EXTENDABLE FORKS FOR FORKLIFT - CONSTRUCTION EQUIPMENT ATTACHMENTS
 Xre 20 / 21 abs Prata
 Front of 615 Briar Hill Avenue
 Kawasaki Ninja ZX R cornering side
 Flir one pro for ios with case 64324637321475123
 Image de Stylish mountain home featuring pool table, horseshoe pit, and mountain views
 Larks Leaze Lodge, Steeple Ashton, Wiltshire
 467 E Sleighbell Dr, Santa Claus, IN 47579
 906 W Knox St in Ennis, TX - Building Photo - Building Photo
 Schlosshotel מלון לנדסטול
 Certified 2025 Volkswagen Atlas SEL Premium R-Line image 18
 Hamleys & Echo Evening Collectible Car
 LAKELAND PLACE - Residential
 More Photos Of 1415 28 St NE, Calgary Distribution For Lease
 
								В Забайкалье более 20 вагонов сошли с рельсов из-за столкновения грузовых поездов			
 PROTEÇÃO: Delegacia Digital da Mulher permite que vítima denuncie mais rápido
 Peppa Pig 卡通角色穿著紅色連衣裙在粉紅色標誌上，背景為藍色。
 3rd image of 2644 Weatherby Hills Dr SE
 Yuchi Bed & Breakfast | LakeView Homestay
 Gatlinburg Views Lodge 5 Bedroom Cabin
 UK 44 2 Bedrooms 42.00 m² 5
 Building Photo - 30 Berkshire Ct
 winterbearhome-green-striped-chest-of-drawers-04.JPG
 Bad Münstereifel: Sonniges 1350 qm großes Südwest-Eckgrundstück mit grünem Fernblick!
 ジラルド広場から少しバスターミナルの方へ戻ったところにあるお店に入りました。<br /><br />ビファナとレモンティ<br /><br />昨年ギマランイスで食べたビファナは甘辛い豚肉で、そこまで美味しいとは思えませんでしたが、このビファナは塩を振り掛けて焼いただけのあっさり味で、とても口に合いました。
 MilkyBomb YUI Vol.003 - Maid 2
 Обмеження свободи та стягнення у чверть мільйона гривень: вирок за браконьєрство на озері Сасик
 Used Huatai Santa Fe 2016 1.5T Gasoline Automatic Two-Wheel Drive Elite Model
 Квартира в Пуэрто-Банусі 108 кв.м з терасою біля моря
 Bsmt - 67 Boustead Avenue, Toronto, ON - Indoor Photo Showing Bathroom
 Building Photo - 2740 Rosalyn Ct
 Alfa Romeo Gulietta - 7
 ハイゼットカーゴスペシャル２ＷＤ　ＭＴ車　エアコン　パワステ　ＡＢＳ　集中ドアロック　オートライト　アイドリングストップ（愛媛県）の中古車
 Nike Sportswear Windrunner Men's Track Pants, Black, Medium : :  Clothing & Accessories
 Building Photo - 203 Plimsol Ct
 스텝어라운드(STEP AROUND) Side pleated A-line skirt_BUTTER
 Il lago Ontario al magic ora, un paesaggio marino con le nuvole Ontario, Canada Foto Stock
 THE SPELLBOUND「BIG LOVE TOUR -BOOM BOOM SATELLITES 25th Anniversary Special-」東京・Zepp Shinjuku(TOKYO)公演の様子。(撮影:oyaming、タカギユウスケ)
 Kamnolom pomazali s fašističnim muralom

* Action item: Your task is to output the full set of records exactly as presented.

* Task answer:
EXTENDABLE FORKS FOR FORKLIFT - CONSTRUCTION EQUIPMENT ATTACHMENTS
 Xre 20 / 21 abs Prata
 Front of 615 Briar Hill Avenue
 Kawasaki Ninja ZX R cornering side
 Flir one pro for ios with case 64324637321475123
 Image de Stylish mountain home featuring pool table, horseshoe pit, and mountain views
 Larks Leaze Lodge, Steeple Ashton, Wiltshire
 467 E Sleighbell Dr, Santa Claus, IN 47579
 906 W Knox St in Ennis, TX - Building Photo - Building Photo
 Schlosshotel מלון לנדסטול
 Certified 2025 Volkswagen Atlas SEL Premium R-Line image 18
 Hamleys & Echo Evening Collectible Car
 LAKELAND PLACE - Residential
 More Photos Of 1415 28 St NE, Calgary Distribution For Lease
 
								В Забайкалье более 20 вагонов сошли с рельсов из-за столкновения грузовых поездов			
 PROTEÇÃO: Delegacia Digital da Mulher permite que vítima denuncie mais rápido
 Peppa Pig 卡通角色穿著紅色連衣裙在粉紅色標誌上，背景為藍色。
 3rd image of 2644 Weatherby Hills Dr SE
 Yuchi Bed & Breakfast | LakeView Homestay
 Gatlinburg Views Lodge 5 Bedroom Cabin
 UK 44 2 Bedrooms 42.00 m² 5
 Building Photo - 30 Berkshire Ct
 winterbearhome-green-striped-chest-of-drawers-04.JPG
 Bad Münstereifel: Sonniges 1350 qm großes Südwest-Eckgrundstück mit grünem Fernblick!
 ジラルド広場から少しバスターミナルの方へ戻ったところにあるお店に入りました。<br /><br />ビファナとレモンティ<br /><br />昨年ギマランイスで食べたビファナは甘辛い豚肉で、そこまで美味しいとは思えませんでしたが、このビファナは塩を振り掛けて焼いただけのあっさり味で、とても口に合いました。
 MilkyBomb YUI Vol.003 - Maid 2
 Обмеження свободи та стягнення у чверть мільйона гривень: вирок за браконьєрство на озері Сасик
 Used Huatai Santa Fe 2016 1.5T Gasoline Automatic Two-Wheel Drive Elite Model
 Квартира в Пуэрто-Банусі 108 кв.м з терасою біля моря
 Bsmt - 67 Boustead Avenue, Toronto, ON - Indoor Photo Showing Bathroom
 Building Photo - 2740 Rosalyn Ct
 Alfa Romeo Gulietta - 7
 ハイゼットカーゴスペシャル２ＷＤ　ＭＴ車　エアコン　パワステ　ＡＢＳ　集中ドアロック　オートライト　アイドリングストップ（愛媛県）の中古車
 Nike Sportswear Windrunner Men's Track Pants, Black, Medium : :  Clothing & Accessories
 Building Photo - 203 Plimsol Ct
 스텝어라운드(STEP AROUND) Side pleated A-line skirt_BUTTER
 Il lago Ontario al magic ora, un paesaggio marino con le nuvole Ontario, Canada Foto Stock
 THE SPELLBOUND「BIG LOVE TOUR -BOOM BOOM SATELLITES 25th Anniversary Special-」東京・Zepp Shinjuku(TOKYO)公演の様子。(撮影:oyaming、タカギユウスケ)
 Kamnolom pomazali s fašističnim muralom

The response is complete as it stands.